Oui tout à fait. Une personne nous a dit dans l’affolement avec la maison qui s’était écroulée, « je cherche mes petits, je cherche mes petits ! », donc effectivement tous les moyens de secours ont été mis en œuvre et en fait il s’agissait de ses petits chiens. Et nous, bien sûr, nous avons cru que c’était des enfants.
Le centre névralgique depuis une semaine, c’est la salle communale, la salle polyvalente à l’entrée de Pomas, juste après avoir passé les vignes, il se passe quoi encore dans cette salle ?
Il se passe le commencement de l’après, avec des agents France Services qui sont là pour aider les gens pour les démarches administratives. Et également, La Poste qui est venue distribuer les colis, les lettres des habitants. Voilà, c’est le commencement de l’après.
Je voulais quand même revenir sur les moyens engagés, parce que je pense que c’est important de souligner les moyens engagés, donc il y a eu 210 sapeurs-pompiers en tout : 120 sapeurs-pompiers de l’Aude, ce qui est énorme, 82 militaires de la Sécurité civile. Il y a eu ce qu’on appelle les USAR, l’unité de sauvetage d’appui et de recherche, qui ont participé tout au début aux recherches avec les chiens cynophiles. Et bien sûr, 18 forces de sécurité intérieures pour assurer la sécurité.

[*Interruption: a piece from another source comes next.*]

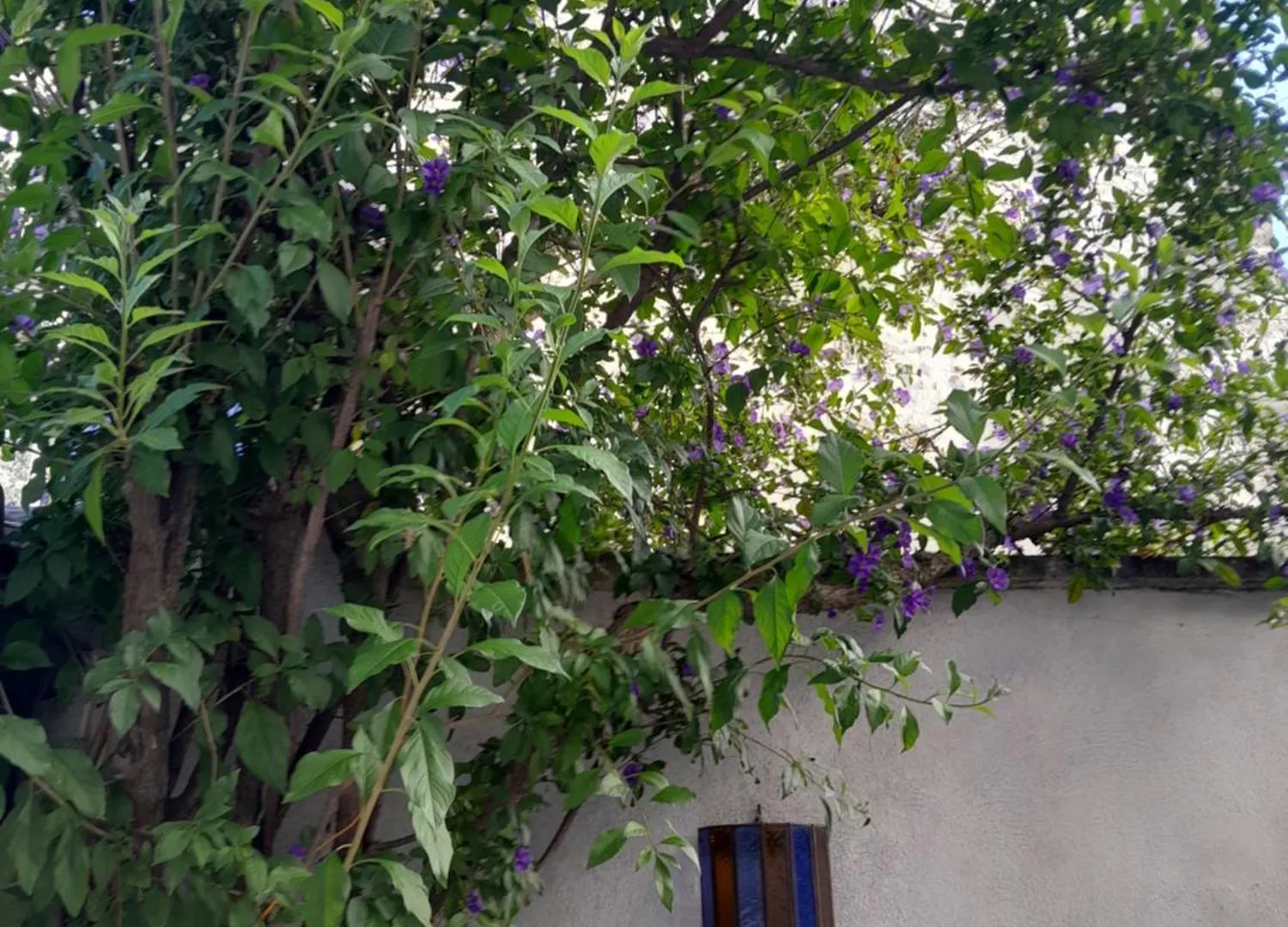 Bed & Breakfast Chambre D'Hote Chez Nicole Et Pierre Eyragues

Et c’est grâce à ça que les routes sont désormais dégagées à Pomas, c’est allé très vite, il n’y a plus un gravat sur les routes. Le président de Carcassonne-agglomération a écrit au Premier ministre pour la reconnaissance de l’état de catastrophe naturelle, pour que la ville se relève plus facilement. Ce n’est pas vous qui décidez, mais vous appuyez le dossier ? Quand on est sous-préfète, on a ce pouvoir-là ou pas ?
Alors, on a fait remonter effectivement les besoins, ça se réinstruit au niveau national. Après ce n’est pas au niveau départemental que ça se fait.
Combien de temps faudra-t-il à votre avis pour reconstruire cette commune de mille habitants ?
Nous sommes déjà dans l’après aujourd’hui, nous sommes en train de nous organiser pour commencer à programmer un comité de pilotage sous ma présidence, en sous-préfecture de Limoux, avec les élus. Bien sûr, Monsieur le maire de Pomas, Carcassonne-Aglo, l’Association des maires de l’Aude et puis tous les services de l’État pour construire tout ce qu’il y a à programmer, tout ce qu’il y a à faire, tout ce qui relève de la coordination des travaux, et au niveau de l’État en termes de services techniques sur l’autorité du préfet pour s’organiser pour la suite. Le temps, ça sera un temps long probablement, mais actuellement je ne peux pas vous le dire.
On part en années ?
On va se mettre en ordre de marche pour aller le plus rapidement possible, bien sûr.
Et il y a un ordre des priorités, est-ce que ce sera d’abord les bâtiments publics, je pense à l’école évidemment devant laquelle on se trouve ce matin ?
Alors en fait, le maire, qui est le premier magistrat de la commune, ça sera lui qui définira les besoins et comment il veut organiser la suite pour sa commune et ses habitants.